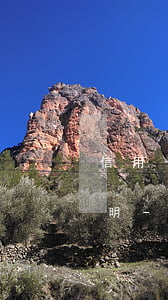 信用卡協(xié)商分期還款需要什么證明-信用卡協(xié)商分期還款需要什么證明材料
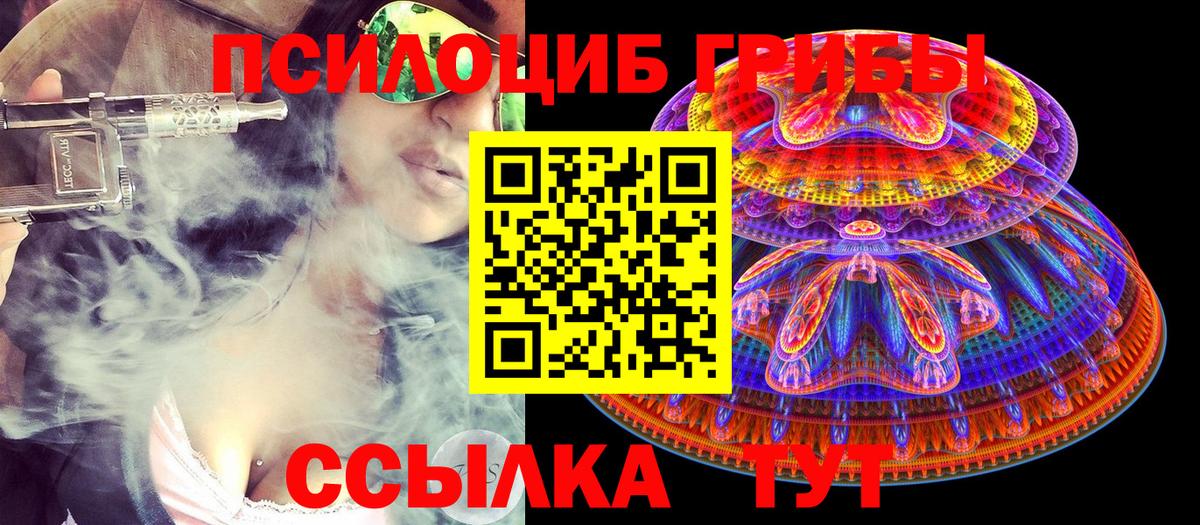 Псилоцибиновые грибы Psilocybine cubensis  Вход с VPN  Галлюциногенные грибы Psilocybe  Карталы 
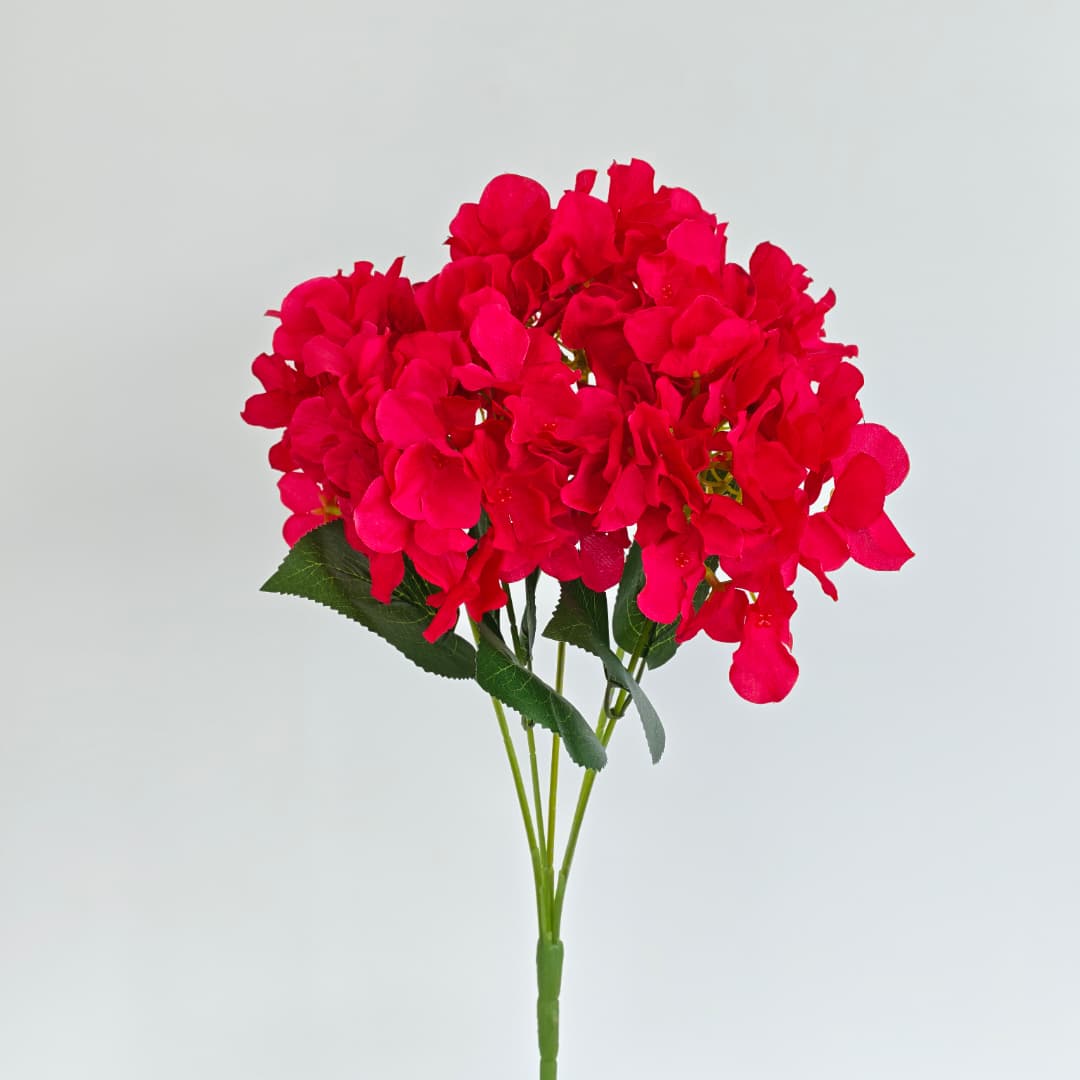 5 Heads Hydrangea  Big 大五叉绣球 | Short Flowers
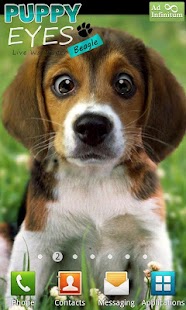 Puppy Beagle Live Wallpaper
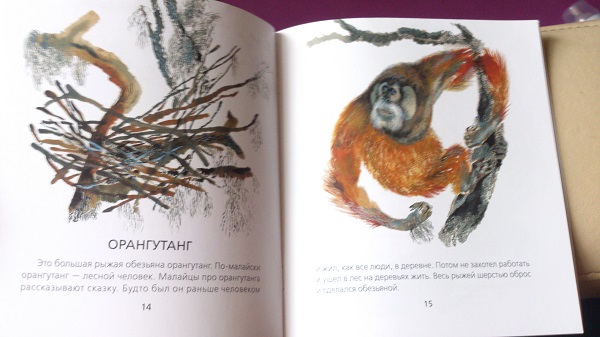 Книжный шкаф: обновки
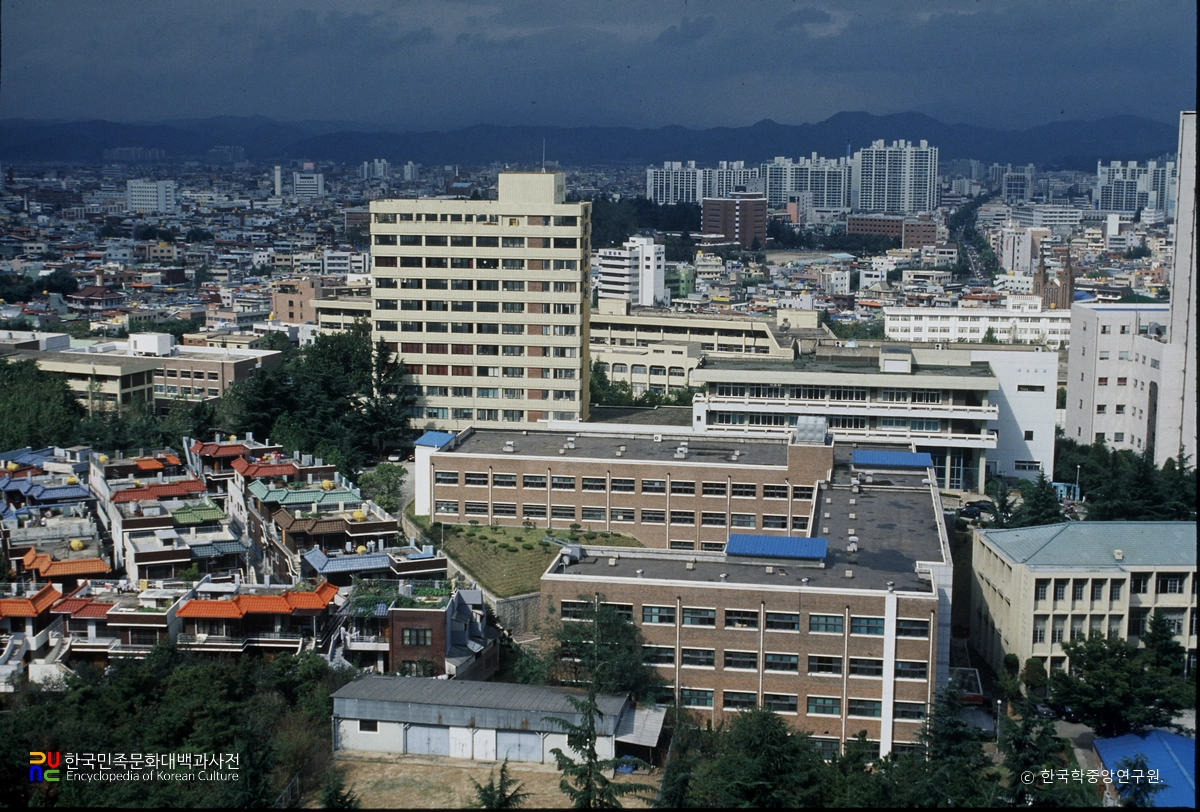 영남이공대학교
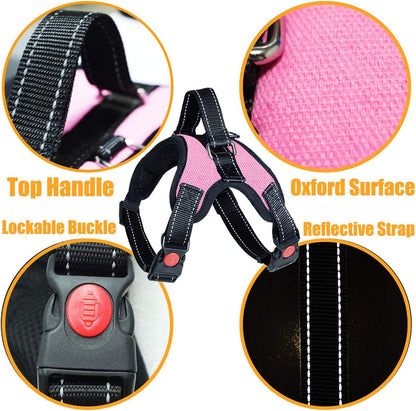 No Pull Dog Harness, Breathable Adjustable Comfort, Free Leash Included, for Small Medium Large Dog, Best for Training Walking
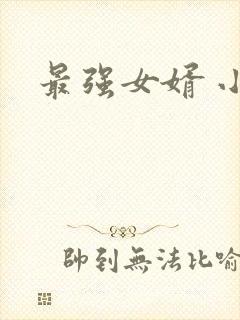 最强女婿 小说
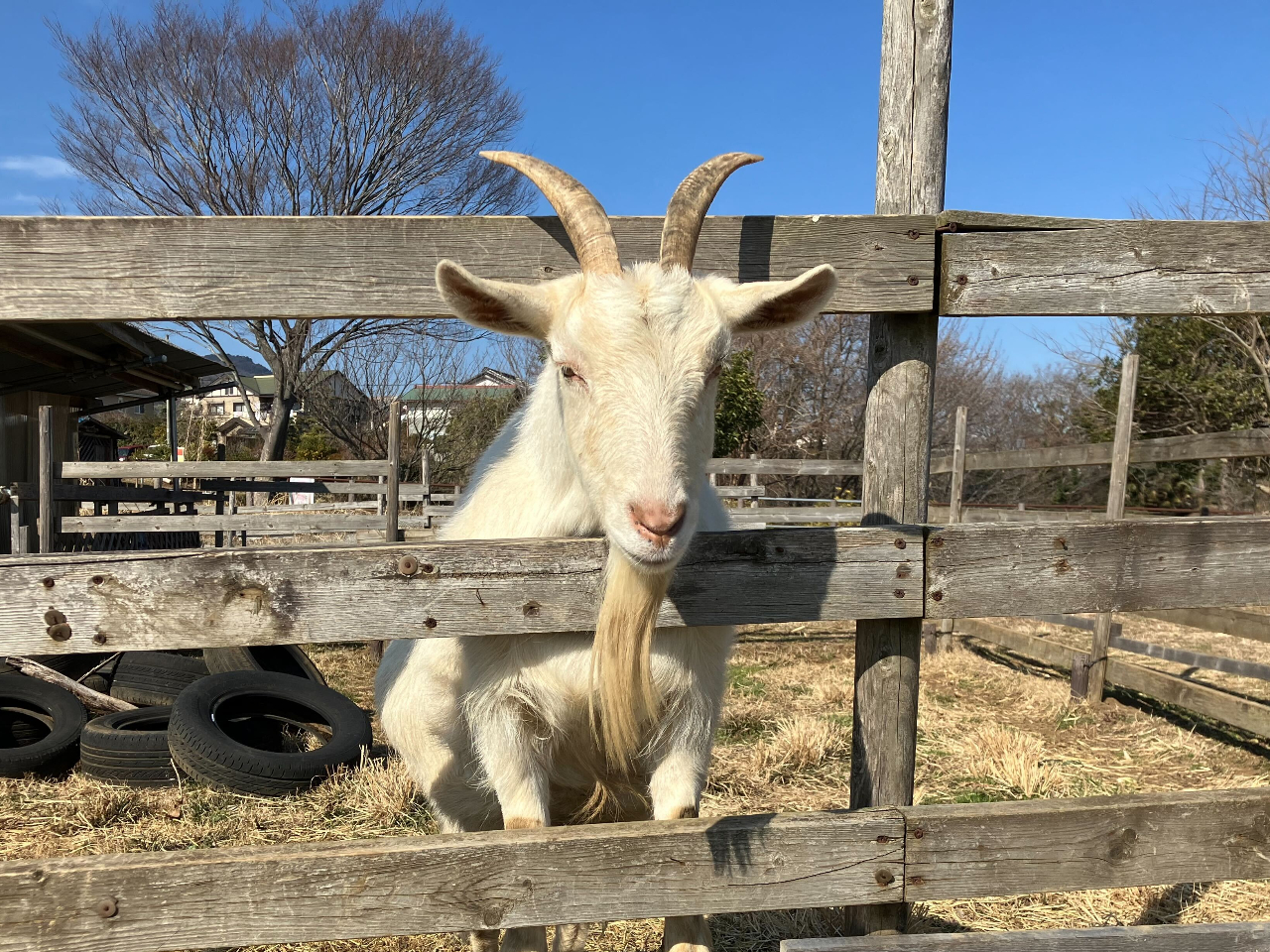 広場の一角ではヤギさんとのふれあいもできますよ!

_ _ _ _ _

Please output the listing above in full, exactly as given, without its images.

▶ _Response to this task_:
 信用卡協(xié)商分期還款需要什么證明-信用卡協(xié)商分期還款需要什么證明材料
 Псилоцибиновые грибы Psilocybine cubensis  Вход с VPN  Галлюциногенные грибы Psilocybe  Карталы 
 5 Heads Hydrangea  Big 大五叉绣球 | Short Flowers
 Puppy Beagle Live Wallpaper
 Книжный шкаф: обновки
 영남이공대학교
 No Pull Dog Harness, Breathable Adjustable Comfort, Free Leash Included, for Small Medium Large Dog, Best for Training Walking
 最强女婿 小说
 広場の一角ではヤギさんとのふれあいもできますよ!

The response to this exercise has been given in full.